# nice model 445



## chrpmaster (May 5, 2004)

I have a line on a 2 year old 445 with a 54" deck and only 55 hrs to it that is immaculate for around $2500. Is this a good deal? It will also cost me another $280 to have it shipped here. 

I am not familiar with this model and don't know how they are on ruggedness and dependability. Opinions would be welcomed. I will probably use it to mow and may add a small loader later on.

Thanks
Andy


----------



## bontai Joe (Sep 16, 2003)

At that price, I'd suspect it being stolen or some kind of hoax. That tractor new was close to $10,000, and should sell for over $5000 used. If it is a legit sale, I'd jump all over it for $2,500. This is the top of the line in Deere garden tractors and I certainly would recommend it for durability, strength, and quality.


----------



## bontai Joe (Sep 16, 2003)

Is this the one you saw on ebay? I just checked and it is no longer listed, and the other one with the same photos ended with no bids. There are bargains on Ebay, but you gotta be careful. There are lots of bad people out there.


----------



## lb59 (Jan 2, 2006)

> _Originally posted by bontai Joe _
> *At that price, I'd suspect it being stolen or some kind of hoax. That tractor new was close to $10,000, and should sell for over $5000 used. If it is a legit sale, I'd jump all over it for $2,500. This is the top of the line in Deere garden tractors and I certainly would recommend it for durability, strength, and quality. *


What CC model or models would compare with it ? ? ?


----------



## lb59 (Jan 2, 2006)

> _Originally posted by lb59 _
> *What Cub Cadet model or models would compare with A JD 445 and 455 ? ? ? *


----------



## chrpmaster (May 5, 2004)

Sorry LB59 but I am not familiar with the CC line of tractors. It would have to be whatever their top of the line garden tractor is. I later found out that this seller was running a scam on ebay since just after I posted this it was taken down by Ebay.

Andy


----------



## lb59 (Jan 2, 2006)

> _Originally posted by chrpmaster _
> *I have a line on a 2 year old 445 with a 54" deck and only 55 hrs to it that is immaculate for around $2500. Is this a good deal? It will also cost me another $280 to have it shipped here.
> 
> I am not familiar with this model and don't know how they are on ruggedness and dependability.
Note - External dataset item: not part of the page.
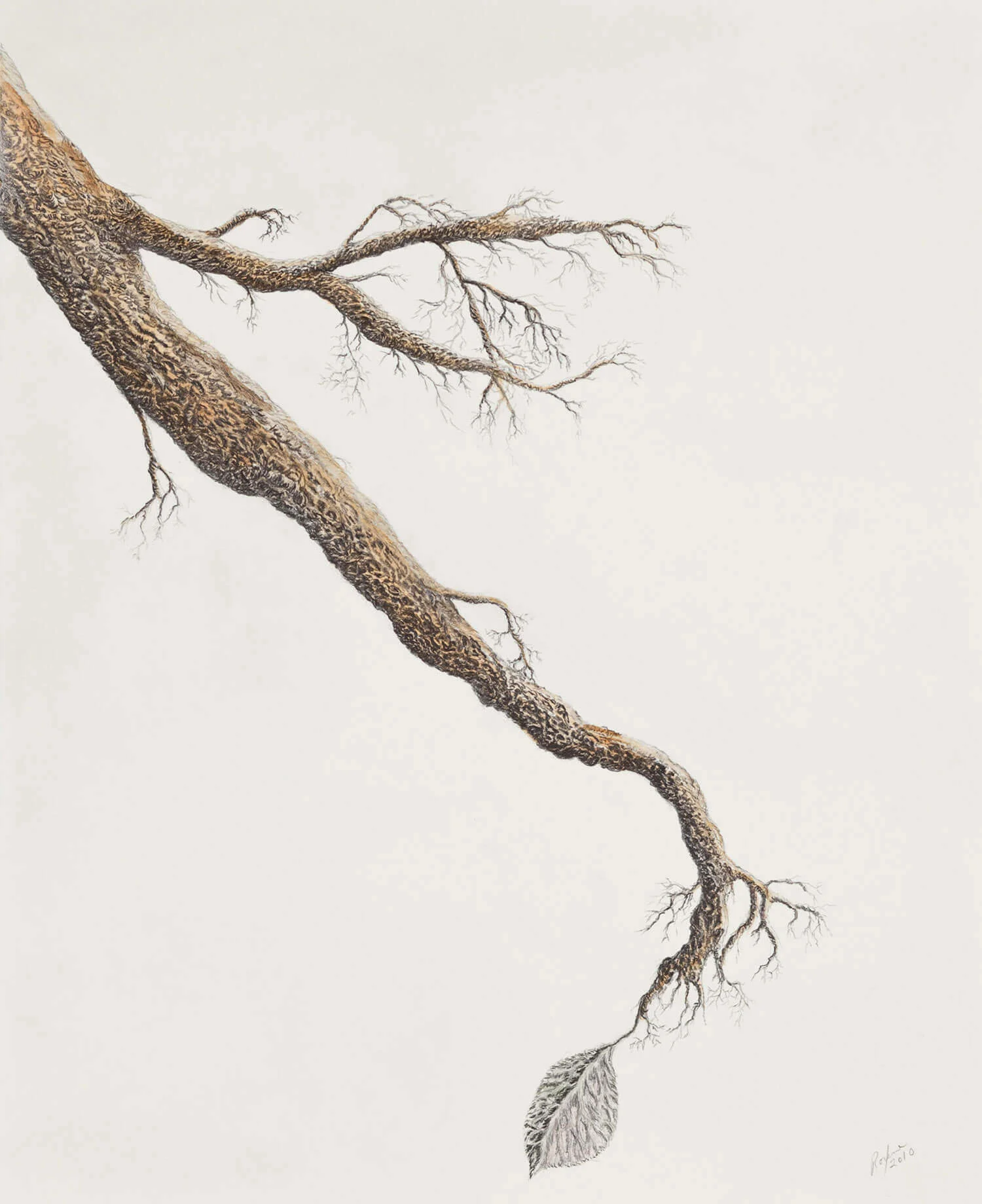 Tree Branch #6, 2010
Opinions would be welcomed. I will probably use it to mow and may add a small loader later on.
> ...


 2500 is a deal if it's not a steal


----------



## lb59 (Jan 2, 2006)

445 one of JDs best ever garden tractors.


----------



## lb59 (Jan 2, 2006)

> _Originally posted by chrpmaster _
> *I have a line on a 2 year old 445 with a 54" deck and only 55 hrs to it that is immaculate for around $2500. Is this a good deal? It will also cost me another $280 to have it shipped here.
> 
> I am not familiar with this model and don't know how they are on ruggedness and dependability. Opinions would be welcomed. I will probably use it to mow and may add a small loader later on.
> ...


And I thought the 445 with 320 hours at my local dealer for $3500 was a give away deal !


----------